Thursday, November 29, 2012
The First Circuit ruled in Newton v. LePage that the Maine governor did not violate free speech by removing and relocating a mural from the state Department of Labor offices that he said was pro-labor.
Governor LePage ordered the mural's removal from the waiting room at the Maine DOL offices because he said he wanted the state to convey neutrality as between labor and employers. He said the mural, commissioned by the state and paid for by state and federal funds, didn't cut it. Five Maine residents sued, arguing that the removal amounted to viewpoint discrimination in violation of the First Amendment.
The First Circuit disagreed. It said that government has wide latitude in determining what art to display, or not to display, especially in a non-public forum (like a government office waiting room), and that it has a sufficient justification in appearing neutral. Moreover, the court noted that the government didn't propose to remove the mural entirely; instead, it will relocate it to an alternative location.

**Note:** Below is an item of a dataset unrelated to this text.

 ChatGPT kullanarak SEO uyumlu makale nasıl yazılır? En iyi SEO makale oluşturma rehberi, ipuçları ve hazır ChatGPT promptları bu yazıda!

The court said that this case was easier for the government than Pleasant Grove City v. Summum:
Here, unlike Summum, the issue does not involve a public park, nor does it involve the government's decision whether or not to accept a private donation. It is also clear that no Equal Protection or Establishment Clause concerns are raised by the case. This case does not involve the suppression of private speech.
The government reiterated its commitment to relocate the mural at oral argument. After all, it said, this is now the most famous piece of art in Maine.